Alestorm No Grave But the Sea
BY: Alex Phillips
The first five times I listened to this album, I was sitting at my desk at work with a bud in my right ear but not my left because having both in is a safety hazard. I work as a graphic artist for a corporate printing company. On my monitor was the worst artwork ever, a pixilated low-resolution full color image of a cross superimposed over the world, the whole thing encircled by the words “The One True Life Church of Christ Our Savor.” I had already heard “No Grave But the Sea” and “Mexico,” and at that moment I had just decided to skip to what promised (by merit of its title) to be the most interesting track, “Fucked with an Anchor” (a title which evoked memories of that classic love song “Fucked with a Knife”), and my grim workday was made instantly sunnier by Christopher Bowles promising to track down and anchor-fuck the witch doctor who cursed him forever to spew four-letter words like a foulmouthed pirate.
But it takes more than hilarious lyrics about punching witch doctors in the balls to brighten my workday for long. The rest of the album, while lyrically entertaining, rehashes the verse-chorus-verse-chorus power metal feel from all four previous Alestorm albums to such an extent that I kept wondering if I was hearing the same song over and over. And I get that a band like Alestorm has to rely on thematic consistency while walking a fine plank between creative repetition and tired stagnation. It must be hard to carry on as a pirate yar after yar. Don’t get me wrong, there’s absolutely nothing wrong with that.

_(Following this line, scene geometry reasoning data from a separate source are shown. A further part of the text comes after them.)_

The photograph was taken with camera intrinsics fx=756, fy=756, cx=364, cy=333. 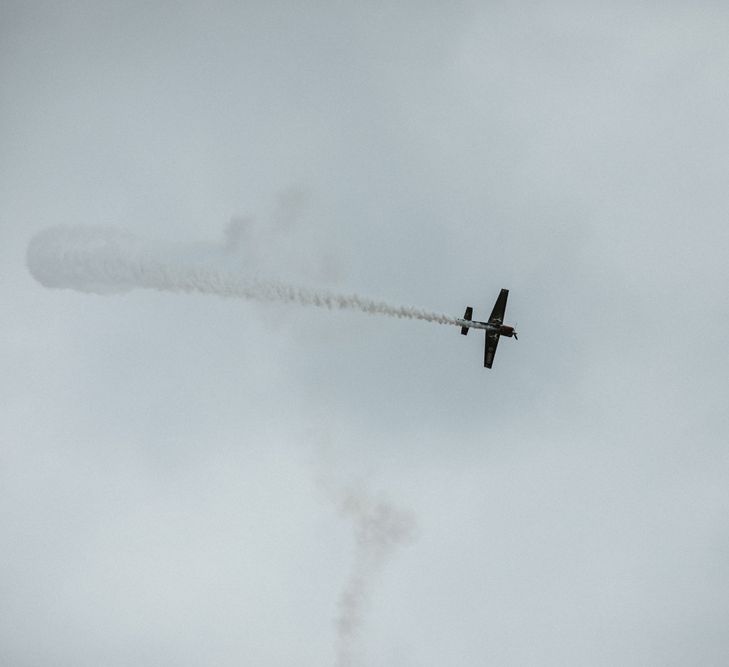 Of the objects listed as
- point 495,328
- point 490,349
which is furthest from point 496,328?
point 490,349

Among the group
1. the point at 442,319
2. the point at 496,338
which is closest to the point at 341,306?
the point at 442,319

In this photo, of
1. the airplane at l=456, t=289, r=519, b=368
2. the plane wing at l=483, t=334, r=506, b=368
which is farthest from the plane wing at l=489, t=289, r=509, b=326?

Alestorm have never taken themselves that seriously, which has only worked to their benefit. (Who else would ever tour with a giant inflatable duck?) What I hear on No Grave But the Sea can only be classic Alestorm: heavy metal full of catchy hooks and silly lyrics that tell stories about a Paraguayan murderer who has hooks for fingers (and I still don’t understand that because Paraguay is a landlocked country, but that’s just me thinking too much about lyrics that no one needs to think deeply about). Alestorm through and through, unmistakable. Few bands ever attain five albums’ worth of success, much less a signature sound that tells you you know you’re hearing Alestorm.
No Grave But the Sea stays in your head after you hear it. It makes you want to hear it again. It makes you laugh. But at the same time, it’s lacking something. It doesn’t take itself seriously, as no Alestorm album does; but considered seriously, it doesn’t hold up. It seems almost . . . tired.